AFRIKANER ASKS BLACKS` FORGIVENESS
Chicago Tribune, 8 November 1990
A prominent Afrikaner theologian stunned a multiracial church conference discussing South Africa`s future Tuesday when he stood and begged black church leaders to forgive him and other Afrikaner communicants of the Dutch Reformed Church for having condoned apartheid.
The theologian, Willie Jonker, a professor who is also an ordained minister in the Dutch Reformed Church, said the church must acknowledge responsibility for the suffering that apartheid has inflicted on the country`s black majority.
His confession seemed bound to agitate many Afrikaans-speaking Christians.
The five-day conference, which attracted 85 black and white
denominations, the most to assemble in South Africa, was convened to work out guidelines acceptable to all Christians in a changing South Africa.
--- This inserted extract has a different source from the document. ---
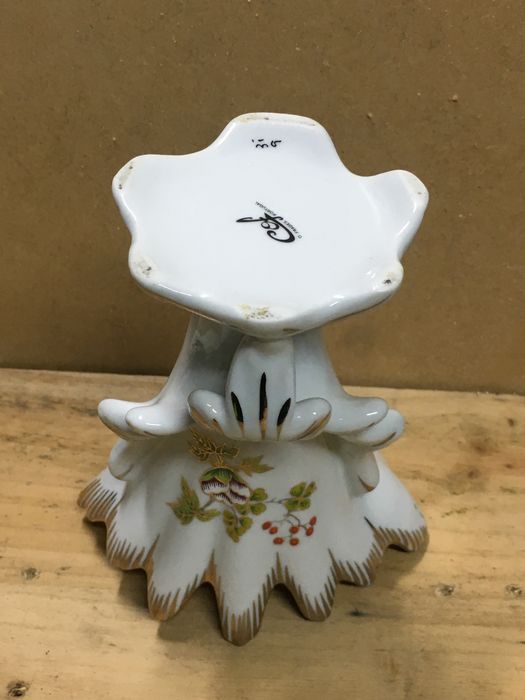 Jarra em porcelana Portuguesa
Seventy-eight percent of all South Africans call themselves Christians.
Jonker, who is professor of systematic theology at Stellenbosch University, the premier Afrikaans-speaking academic institution, has a liberal reputation in Dutch Reformed circles.
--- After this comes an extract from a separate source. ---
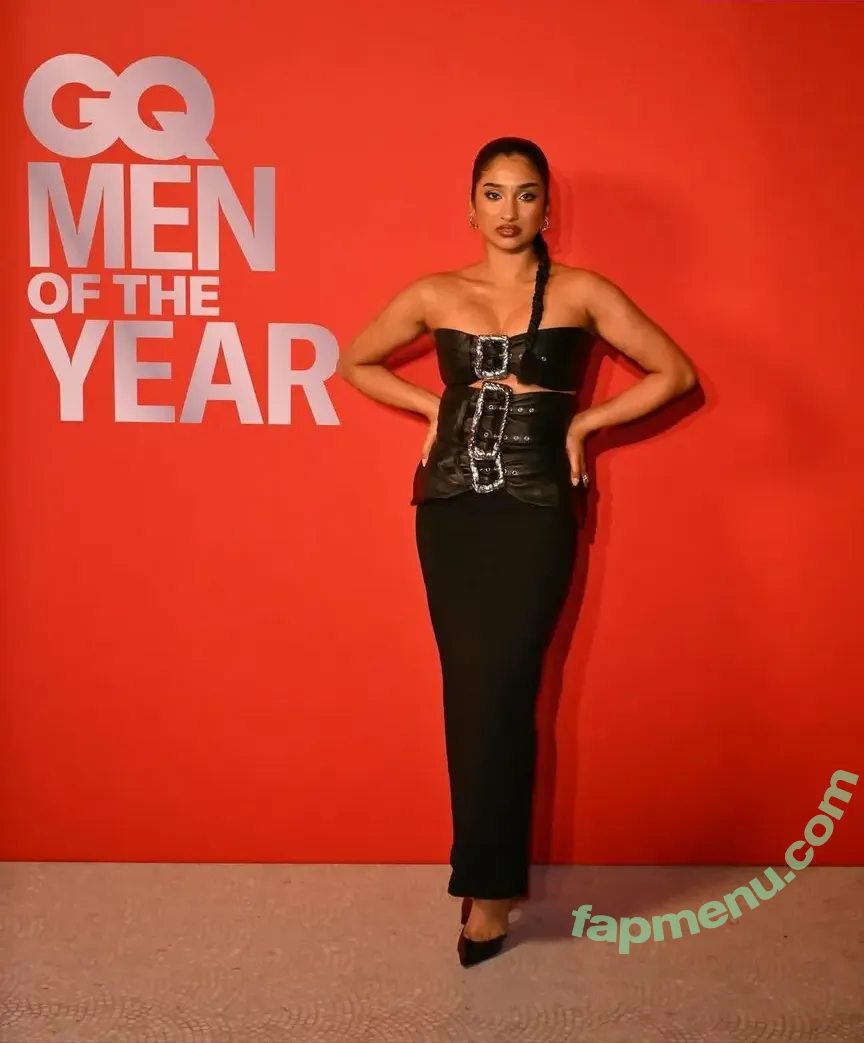 Varada Sethu nude photo #0346 (varadasethu)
He had been invited to address the conference Tuesday on the theme of
”understanding the church situation and obstacles to Christian witness in South Africa.”
But when he was into the fourth page of his prepared speech, the slight, grey-haired professor pulled out another piece of paper on which he had scribbled his confession by hand.
It said, ”I confess before you and before the Lord not only my own sin and guilt, and my personal responsibility for the political, social, economic and structural wrongs that have been done to many of you and the results of which you and our whole community are still suffering from, but vicariously I have also to do that in the name of the NGK of which I am a member, and for the Afrikaner people as a whole.”
Jonker used the Afrikaans initials of the Nederduitse Gereformeerde Kerk, the largest of three white branches of the Dutch Reformed Church in South Africa.
The branch has been described as the governing ”National Party at prayer” because of the influence that its members exert over white politics. South Africa`s Anglican archbishop, Desmond Tutu, who contended Monday at the opening of the conference that racial reconciliation must be followed by white reparations to blacks, asked for a minute to respond to Jonker`s unexpected confession.